Friday, June 29, 2018

Health Is Wealth. Insurance is neither


If you are part of the 80% + of India’s population that does not have health insurance (and are therefore a blot on the GDP landscape), here is what it is:
1. You pay
2. You fall ill
3. You claim
4. They reject
5. You plead
6. They reject
7. You beg
8. They reimburse cost of toothpaste used, up to 60 days before and 90 days after hospitalisation
9. You renew
10. You fall ill….and so on.

If you don’t claim anything, they give you thank-you-for-not-pestering-us-so-we-can-watch-the-world-cup bonus.
 In April, I applied, after considerable research on options, to Cigna TTK.  My sophisticated reasoning was that a company that makes pressure cookers headed by an Iyengar who did not follow Ramanuja to Melkote must be the best at health insurance.  

In a moment of utter asininity – induced by a neighbour who was smoking pot and talking to the moon – I applied online.  Once you are done, you will get about 43 calls, between which you are allowed daily duties. 

The calls begin as follows:
“Are you so-and-so?”
“No, I am his labrador retriever.” Actually I did not say that (not quick-witted enough), but strongly recommend that you do. 
“For the sake of verification, can you provide your date of birth?”

This is ridiculous.  They call me and ask me to identify myself, when telephone etiquette since Alexander Graham Bell has been the reverse.  When I said this, they asked me how I was related to AG Bell, which of course warrants not an answer, but an education.  

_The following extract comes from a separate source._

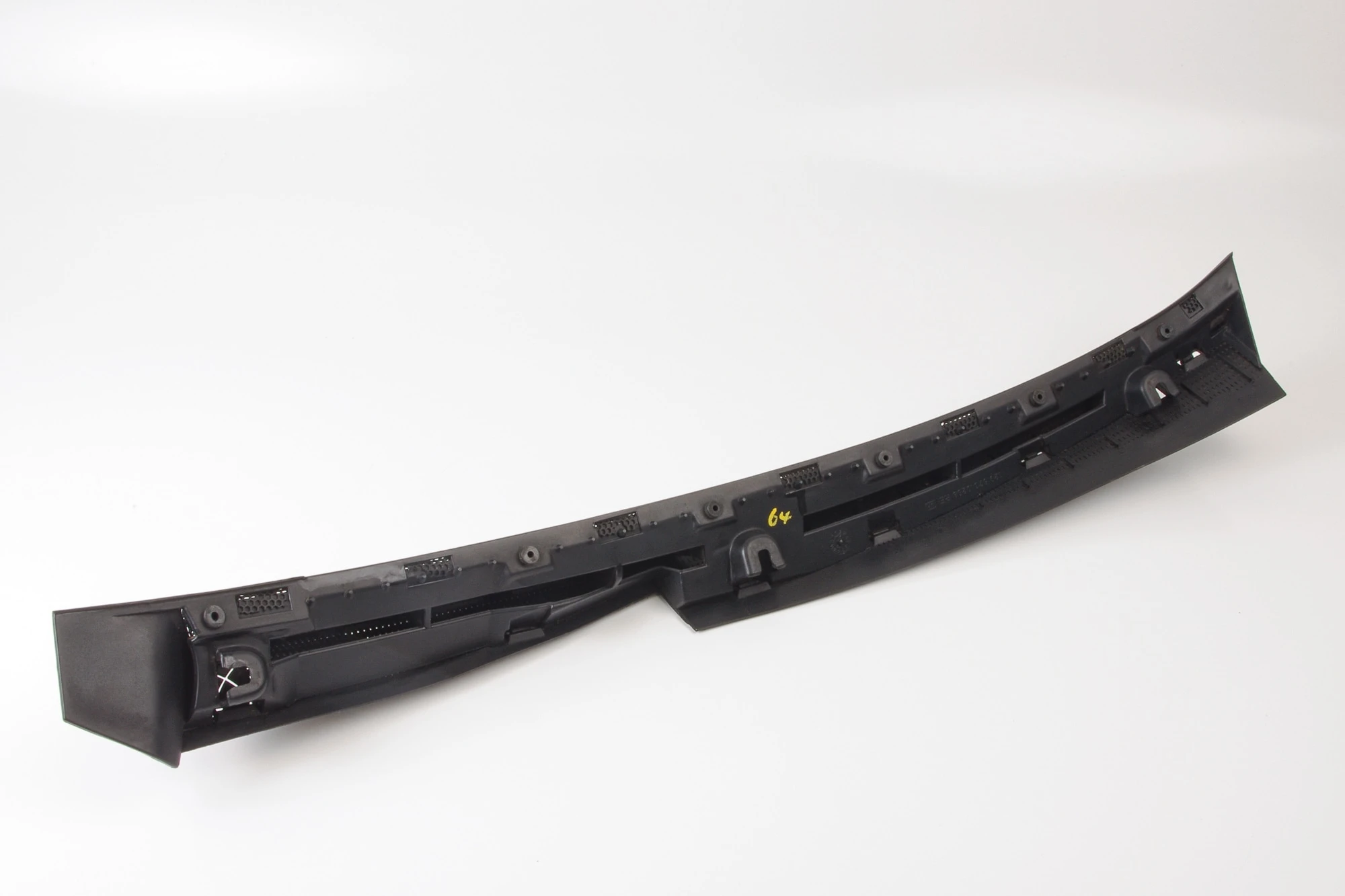 Mercedes 1296700208 Windscreen Lower Grille - Right | R129 SL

Next they need everything, and by that I mean anything.  Actually everything that is anything (or the other way around).  If there was a pimple on the dimple of your baby bottom, that is vital information.  And they always end with, “You have been speaking to Rajesh Khanna,” as if the said R Khanna is a neurosurgeon in disguise, adding to his income by toiling in a call centre.  

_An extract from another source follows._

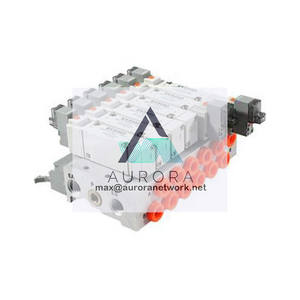 Accessoires de valve fneuatique électronique de haute qualité, SS5Y5-20P-12-00N, avec un bon prix - Product Image 1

I fetched up for tests at a diagnostic clinic in Koramangala where the only technology in evidence, other than the syringe, was an ECG machine (honest, I mean this.  Ok, I also saw a desktop).  The ECG machine, judging by the stains, had been used in its free time to remove bits of intestines and to lay roads in Defence Colony (this is a joke by the way.  There are no roads in Defence Colony, only wide jungle trails.)

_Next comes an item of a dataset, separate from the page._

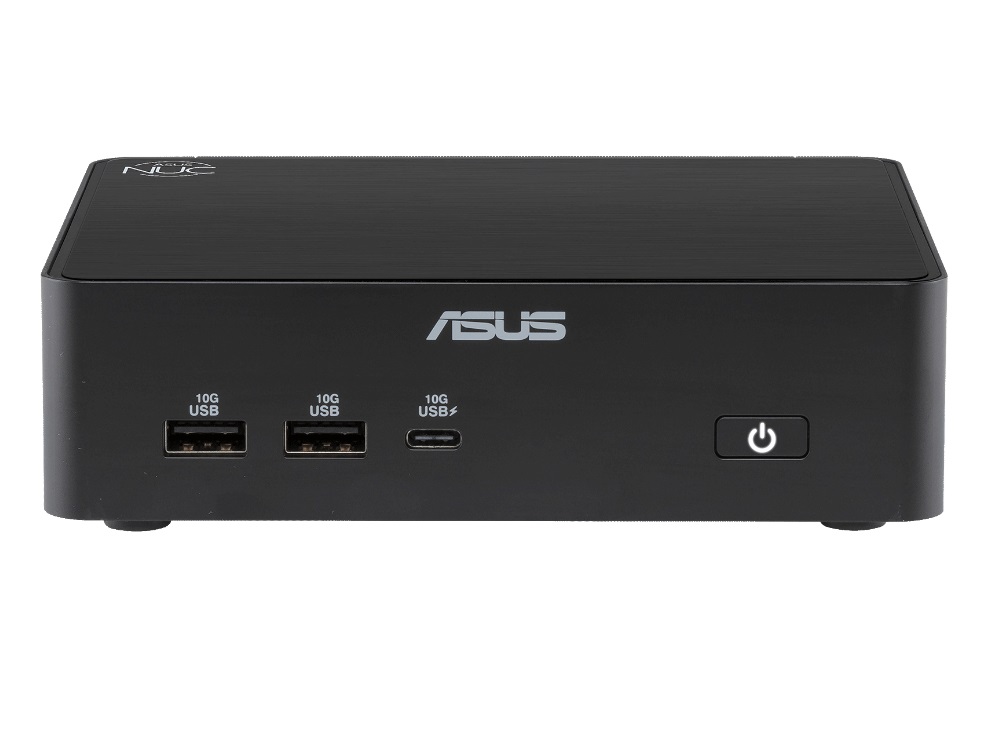ASUS、合計180TOPSのCore Ultra シリーズ3搭載小型デスクトップPC「NUC 16 Pro」発表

The young doc who examined me had both his eyes on the pretty nurse and his fingers on my pulse (the other way around would have caused him trouble on social media: “Doctor assaults nurse in presence of legendary writer”).  He asked me if I had something called a hernia and I smiled and said, No, I have always been a Honda buff and have a City.  He then stared at me, which was the only time he took his eyes away from the nurse, and shook his head questioningly and I shook mine in response; no doubt he was checking if the ball bearings around the skull base were well oiled.  
And when he told me that the heart was pumping along satisfactorily, I told him that his wasn’t at the moment.
(No, actually, I didn’t.  I am lying again).

And then he said that I was done.
I agreed with him on this.  
As I really was done, I cancelled the policy.